Of course, that’s not quite true. The third book ended tragically, which satisfied Medieval tastes, but Montalvo gave it a more optimistic Renaissance outcome, which allowed him to write a fourth book. He also added “doctrinal improvements” to Amadis of Gaul that you may have already noticed, adding a kind of piety more in keeping with Renaissance thought.

The “fifth book,” The Exploits of Esplandian (Las Sergas de Esplandián), opens:

“Here begins the branch from the four books about Amadis, called Las Sergas de Esplandían, which was written in Greek by the hand of the great master Elisabat, who saw and heard of many of his great deeds... and was translated into many languages for the provinces and kingdoms where... having read of the great things of his father, they were eager to see those of his son.”

The book ends inviting other writers to continue the stories, and that came to pass. Las Sergas de Esplandián enjoyed ten edition between 1510 and 1588, and during that century, eight more books were written about Amadis’s family in Spain, and those, too, achieved great success over the decades. (The exception is Book VIII, Lisuarte de Grecia by Juan Díaz, published in 1526, which was overly pious and boring, so it sold badly.) If that were not enough, another 75 novels of chivalry about other knights were published in Spain in the 1500s.

In addition to translations of the Amadis books into several languages, the Amadis family story was extended in Italy, Germany, and France with many additional sequels. In the end, the family tree grew into a sequoia. You can see a pdf of the Amadis clan including the Spanish and Italian branches, published by the Biblioteca Nacional de España, here (scroll down).

Unlike his father, Esplandian fights infidels in war, not individual fellow Christian knights. In much of the book, the son leads a crusade to protect Constantinople from the siege of King Armato of Persia and his Islamic allies. (Constantinople fell in 1453 to the Ottomans, and Sergas was published in 1510, so that was either wishful thinking or alternate history.)
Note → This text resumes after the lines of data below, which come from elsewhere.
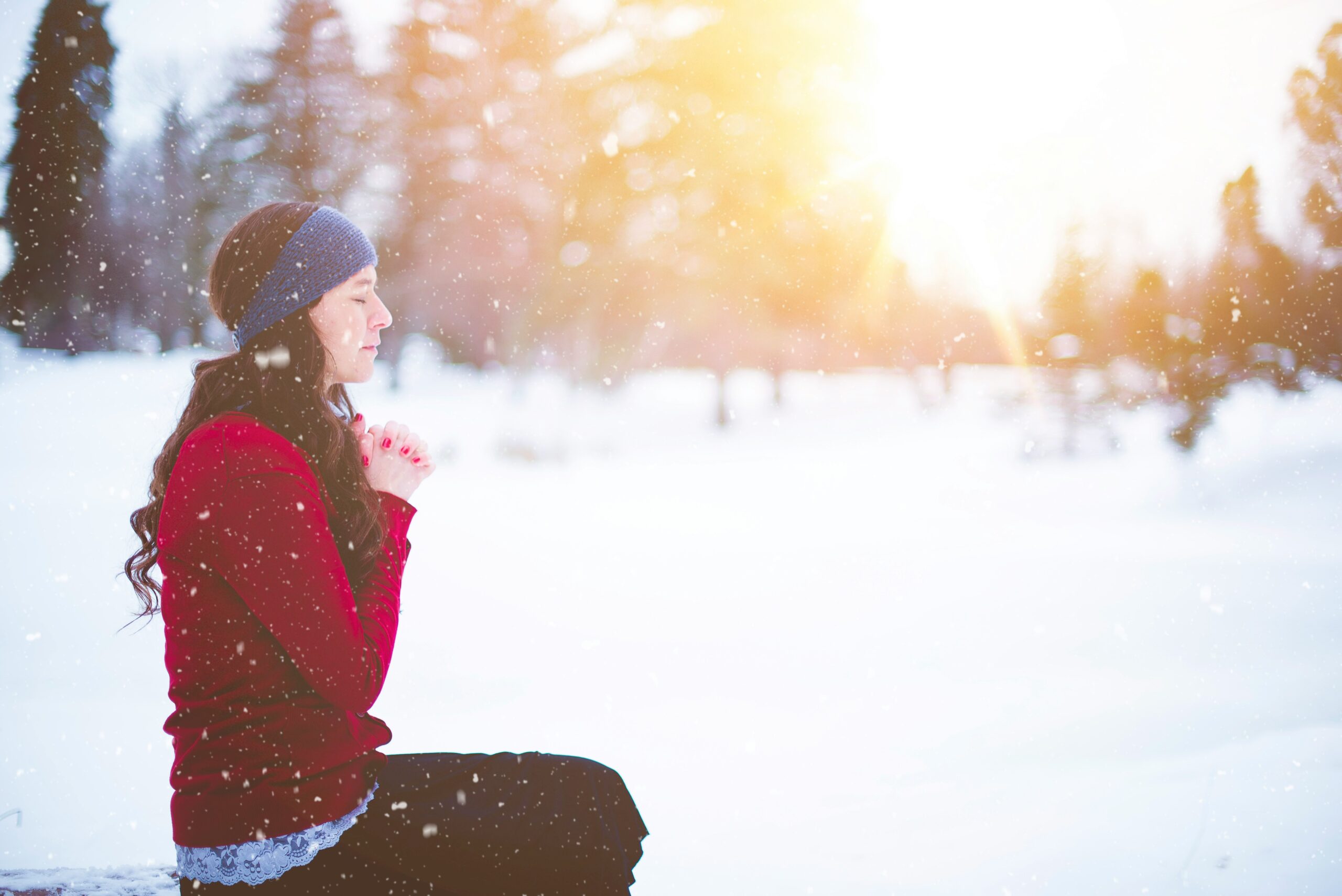meditation in winter fundraising idea A woman meditates in the snow as the sun sets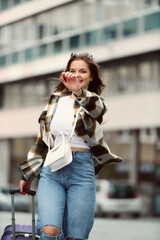 Charming Woman Strolls Through the City in a Stylish Plaid Shirt, Blue Pants, and Sunglasses.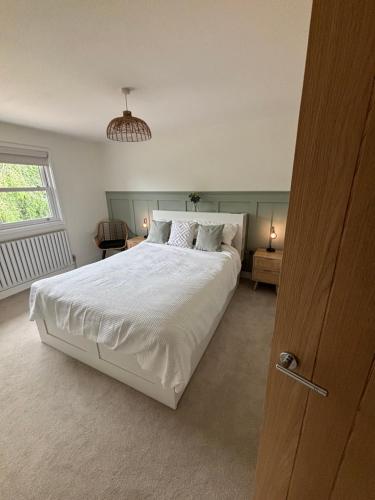 a bedroom with a large white bed and a window at 3 Bed home in Lincolnshire in Wigtoft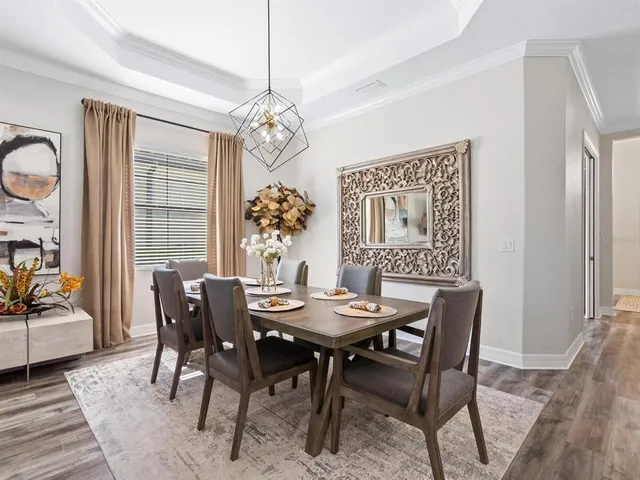 a large kitchen with stainless steel appliances granite countertop a stove refrigerator and cabinets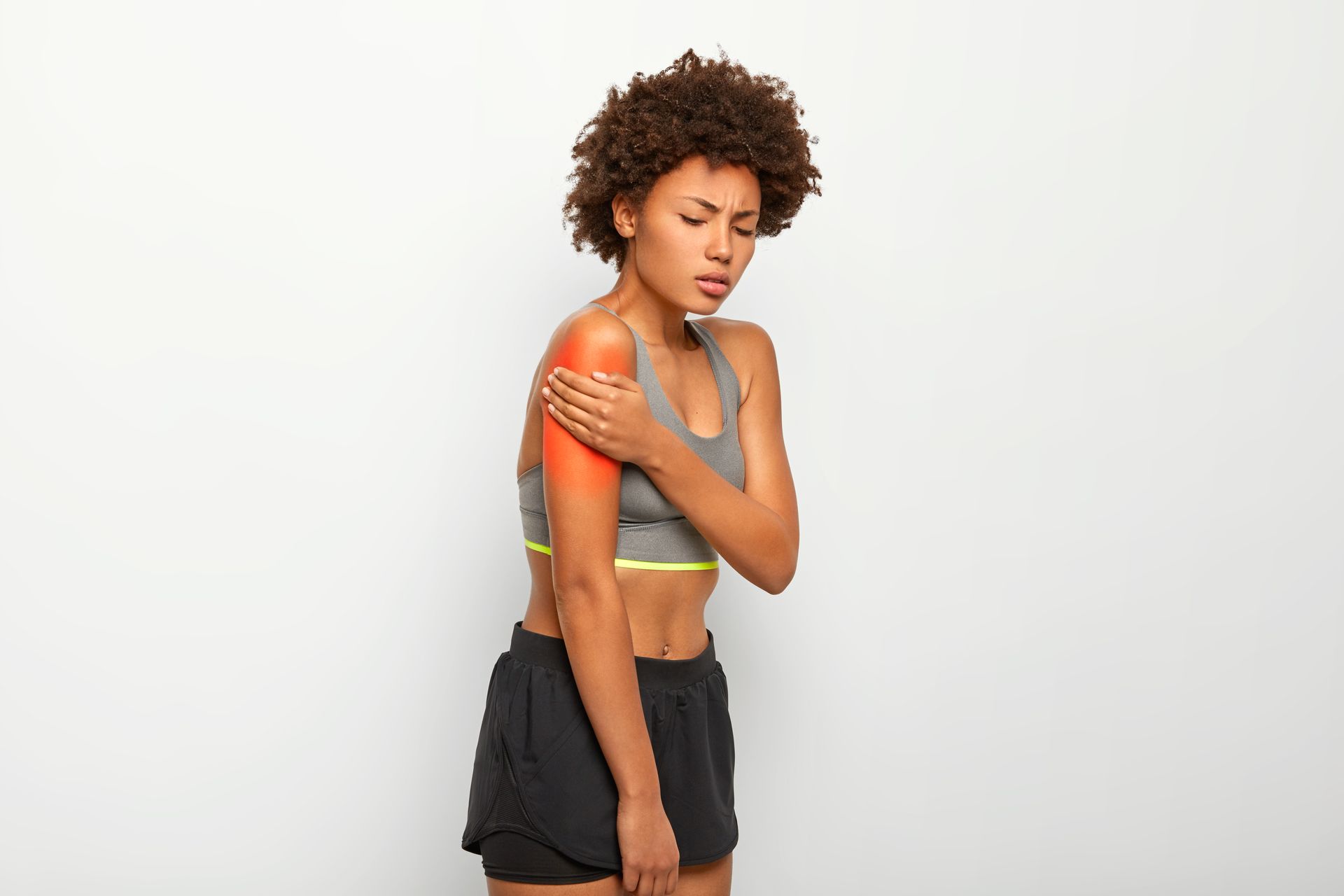 A woman is holding her shoulder in pain.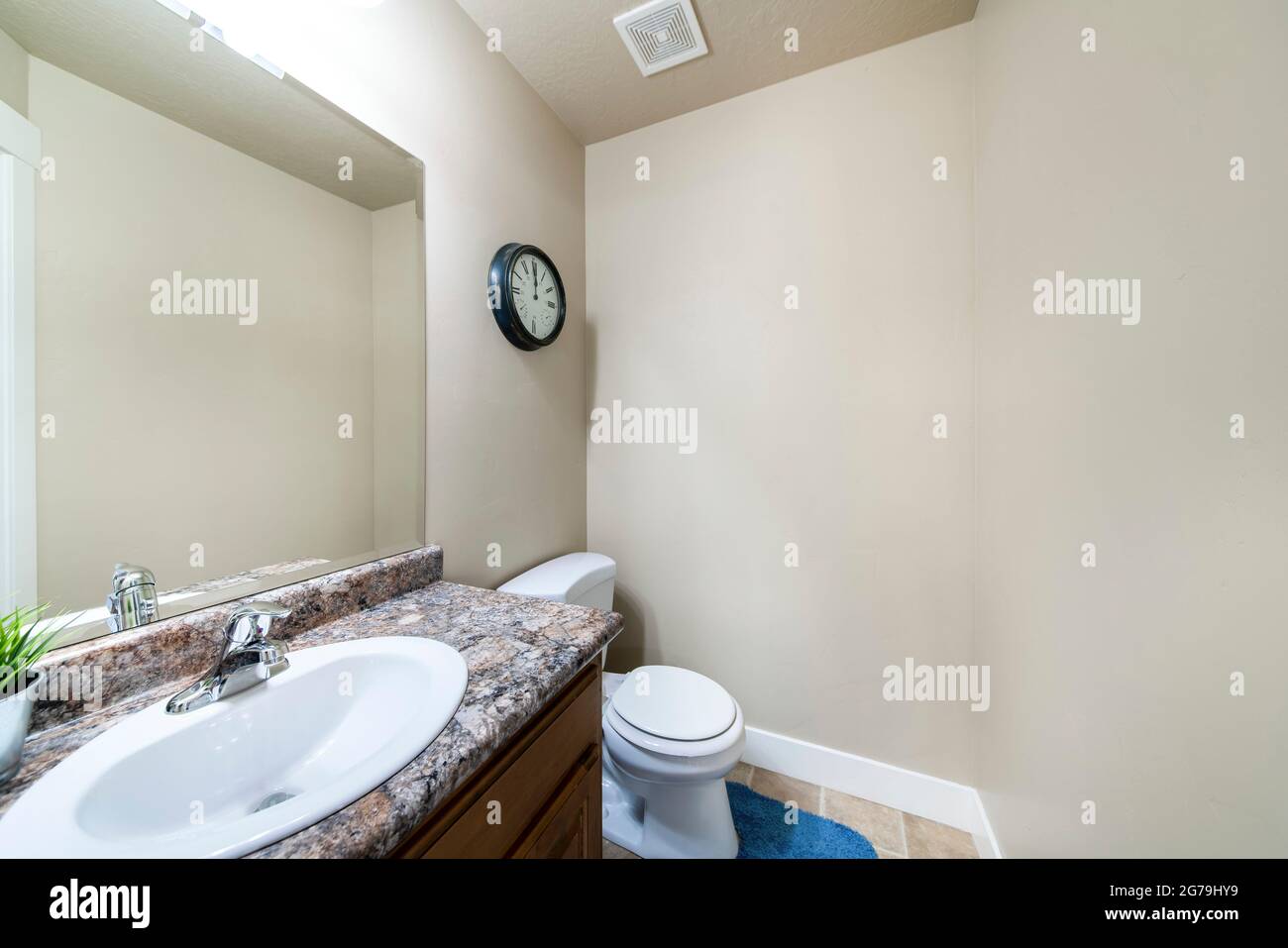 Bathroom interior with vanity sink with granite counter and wall clock Stock Photo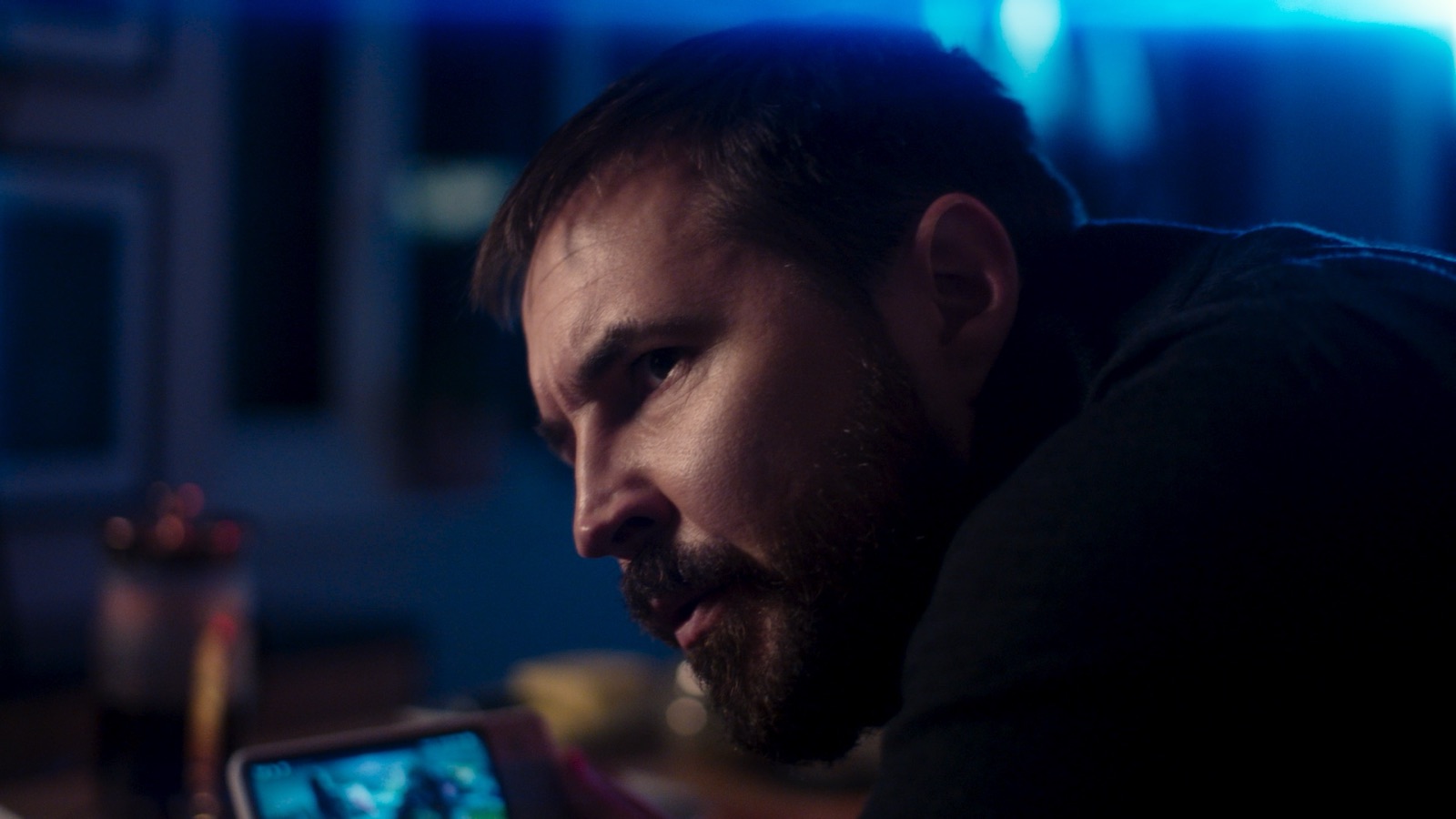 Martin Compston leaning forward studying phone screen in cool blue lighting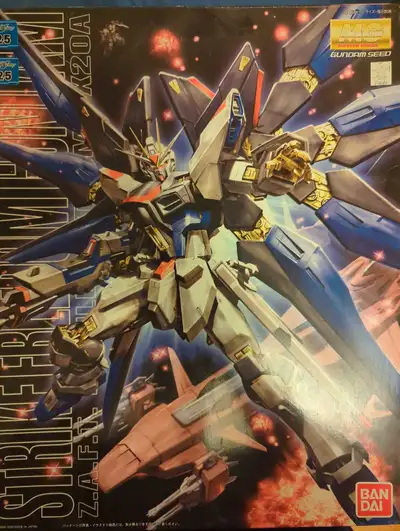 I'm selling a Bandai MG Strike Freedom Gundam model kit. As you can see from the pictures, the model...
Esplandian also fought for different reasons – not for earthly fame and honor, as he himself explains in Chapter II:

“...if the great things that my father did in this world with so much effort and such a courageous heart and no small danger to his life, so exceedingly well and amid such good men, had been employed in service to the Lord, there could never have been any man equal or comparable to his virtue and valor. But instead he has eagerly sought the things of this mortal world rather than those that shall last forever.... So may it please the Lord on High that, while I resemble my father somewhat, if I exceed his skill, it may be by aiming more to save my soul than to honor my body, and by avoiding everything that may offend Him.”

Montalvo, however, sought worldly fame, “wishing that some shadow of remembrance remain of me,” and shamelessly advertised the sequel to Amadis of Gaul within its “corrected” text. That’s one of the things we can remember him for.